This tutorial shows how to use ALIXE as a standalone program to combine partial solutions coming from an ARCIMBOLDO_SHREDDER spherical run. ALIXE orders all putative solutions by their figures of merit, compares all of them and combines those within a given similarity threshold to the cluster formed. The process is iterative and solutions may enter or exit a cluster, as the phases of the combined cluster change. This example uses the latest ALIXE as of March 2020 and the solutions obtained with the ARCIMBOLDO_SHREDDER spherical tutorial from this website.
ALIXE -m monomer -i path/to/5ohu_spheres.bor
[ALIXE] [input_info_1]: path/to/5ohu_spheres.bor [alixe_mode]: monomer
The configuration .bor file is generated running:
ALIXE.py -f name_conf.bor
It contains all parameters and their pertinent keywords described in the manual.
This tutorial runs ALIXE using a minimal input. The minimal configuration bor file requires:
In addition, any keyword from the manual can be added to the configuration bor file.
Rotation clustering in ARCIMBOLDO allows separating putative partial solutions that would correspond to a single copy of the molecule in the asymmetric unit from those that would map to different copies in a multimer. Therefore, in a monomer mode, the phase comparison is limited to partial solutions within the same rotation cluster, while the multimer mode compares the resulting output of a previous monomer clustering.
This particular case entails the use of the monomer mode, as crystals contain one single copy of 5OHU in the asymmetric unit.
With an ALIXE bor file:
ALIXE.py 5ohu_alixe.bor >& log &
By minimal command line:
ALIXE.py -m monomer -i 5ohu.bor
By default, a folder called CLUSTERING will be written in the working directory where you launch ALIXE. Consider that a preexisting folder called CLUSTERING will be overwritten unless a new name for the output folder is given explicitly.
This output folder contains the log file autoalixe.log, which shows that the job has finished (and quotes the time taken). It will display the CC characterising the best solution and if this figure is higher than 30% (and therefore the structure is presumably solved) relevant information about this cluster and the output files to retrieve are provided.
The command line used to generate the run is also echoed.
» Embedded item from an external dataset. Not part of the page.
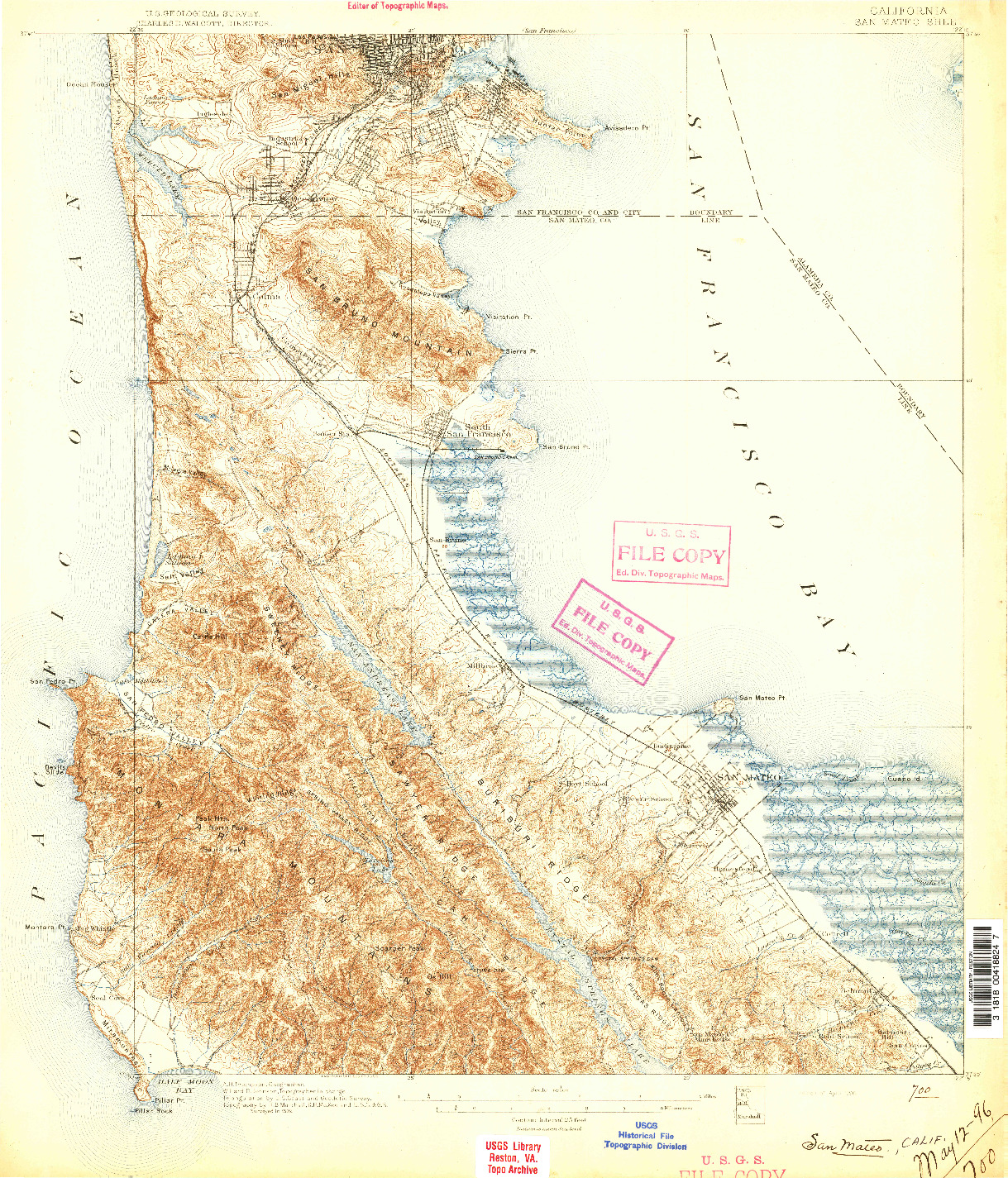 USGS 1:62500-SCALE QUADRANGLE FOR SAN MATEO, CA 1896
* Info * Output folder will be /Path/to/CLUSTERING * Info * Achieved a CC of 32.09% * Info * The structure was possibly solved, check frag590_0_0_rbr_0_ref.lst * Info * Total time spent in running autoalixe is 152 minutes Command line used was /Path/to/ARCIMBOLDO_FULL/ALIXE.py alixe_tutorial.bor
Along with the log output, a directory called clustpool_1 gathers all partial solutions with the extension pda, their associated phase sets with the extension .phs and the phase clusters produced ending as .phi. In addition, there are two tables that supply information either about the single solutions and combinations.
Table 1. Table clustpool_1_info_frag.
It summarizes the figures of merit of the partial solutions that are being combined.
Table 2. Table clustpool_1_info_clust_table.
This table shows information about the scores of the clusters and number of phase sets combined in each cluster. Here we omit the single solutions.The cluster is named after the phase set used as a reference to initiate it, n_phs refers to the number of phase sets that have been joined in each cluster and topzscore and topllg are the top Z-score and LLG values found in the group of solutions.
Notice that there is a cluster gathering a majority of phase sets. This is a promising indication as phases from a correct partial structure should approximate the true structure and, therefore, should be more consistent than to those relating misplaced models.
Whenever the figures of merit scoring the partial solutions are available, as in the present case, ALIXE will produce graphical output of the landscape of solutions in png format. Three plots will be displayed, two for single solutions and one for the clusters produced.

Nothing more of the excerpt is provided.